Further, as illustrated in FIG. 2, the medical imaging system 16 may also include a display 48 and a user interface 50. However, in certain embodiments, such as in a touch screen, the display 48 and the user interface 50 may overlap. Also, in some embodiments, the display 48 and the user interface 50 may include a common area. In accordance with aspects of the present technique, the display 48 of the medical imaging system 16 may be configured to display an image generated by the medical imaging system 16 based on the image data acquired via the image acquisition device 14.

In addition, the user interface 50 of the medical imaging system 16 may include a human interface device (not shown) configured to aid the clinician in manipulating image data displayed on the display 48. The human interface device may include a mouse-type device, a trackball, a joystick, a stylus, or a touch screen configured to aid the clinician in the identification of the one or more regions of interest requiring treatment, for instance.

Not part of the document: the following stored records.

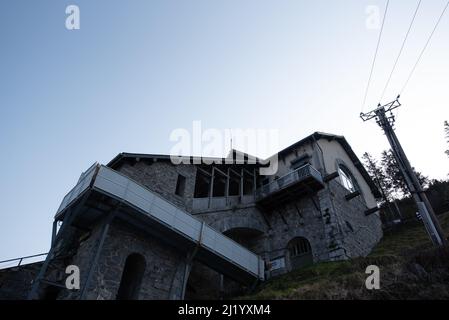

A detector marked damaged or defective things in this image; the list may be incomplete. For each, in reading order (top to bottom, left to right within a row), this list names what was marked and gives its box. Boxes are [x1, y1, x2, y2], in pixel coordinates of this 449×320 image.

rusty metal balcony [254, 165, 324, 210]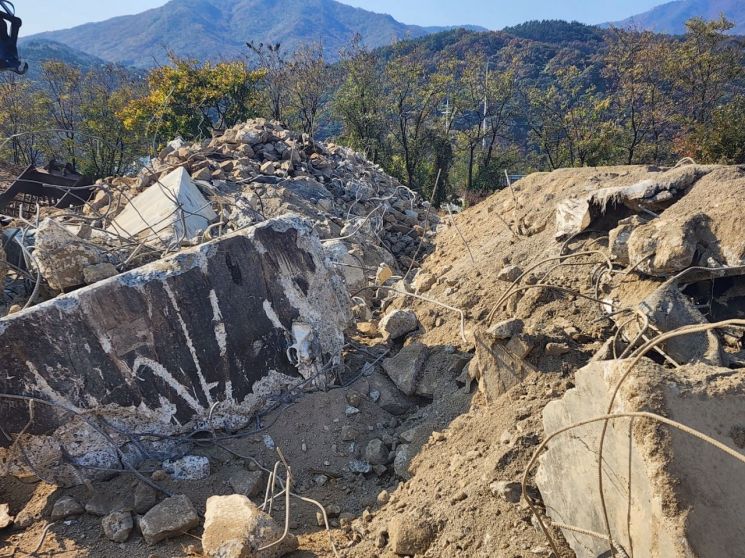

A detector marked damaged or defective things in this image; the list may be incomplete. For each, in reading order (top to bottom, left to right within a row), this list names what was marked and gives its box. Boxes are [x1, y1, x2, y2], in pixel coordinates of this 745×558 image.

broken concrete slab [107, 167, 218, 250]
broken concrete slab [0, 214, 350, 486]
broken concrete slab [201, 496, 300, 556]
broken concrete slab [536, 360, 744, 556]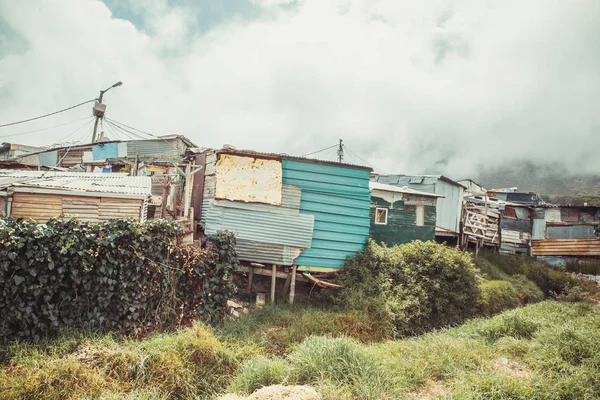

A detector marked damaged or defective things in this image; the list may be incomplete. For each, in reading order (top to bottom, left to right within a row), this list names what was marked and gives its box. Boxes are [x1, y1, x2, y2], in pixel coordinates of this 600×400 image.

rusty metal sheet [214, 153, 282, 203]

However, as will be appreciated, other human interface devices, such as, but not limited to, a touch screen, may also be employed. Furthermore, the user interface 50 may also be configured to aid the clinician in navigating through the images acquired by the medical imaging system 16. Additionally, the user interface 50 may also be configured to aid in manipulating and/or organizing the images displayed on the display 48.

As previously noted with reference to FIG. 2, the images may be stored in the local data repository 46. With returning reference to FIG. 1, it may be also be desirable to store the image data acquired via the medical imaging system 16 in a database, for example. Accordingly, the image data acquired and processed by the medical imaging system 16 may be communicated to a first storage 20. In a presently contemplated configuration, the first storage 20 may include a data storage system. Also, in one embodiment, the data storage system 20 may be at a location that is physically remote from the location of the medical imaging system 16. However, as will be appreciated, in certain embodiments, the data storage system 20 may be disposed in substantially close proximity to the medical imaging system 16.

Moreover, in one embodiment, the image data acquired and/or processed by the medical imaging system 16 may be communicated to the data storage system 20 via a network 18. It may be noted that other means of communication, such as, but not limited to, the Internet, the intranet, or wireless communication may also be employed to transmit the image files from the medical imaging system 16 to the data storage system 20. Furthermore, in one embodiment, the image data may be transmitted to the data storage system 20 in real-time. Alternatively, the image data may be temporarily stored in a temporary storage, such as the local data repository 46 (see FIG. 2) and communicated to the data storage system 20 at a later time.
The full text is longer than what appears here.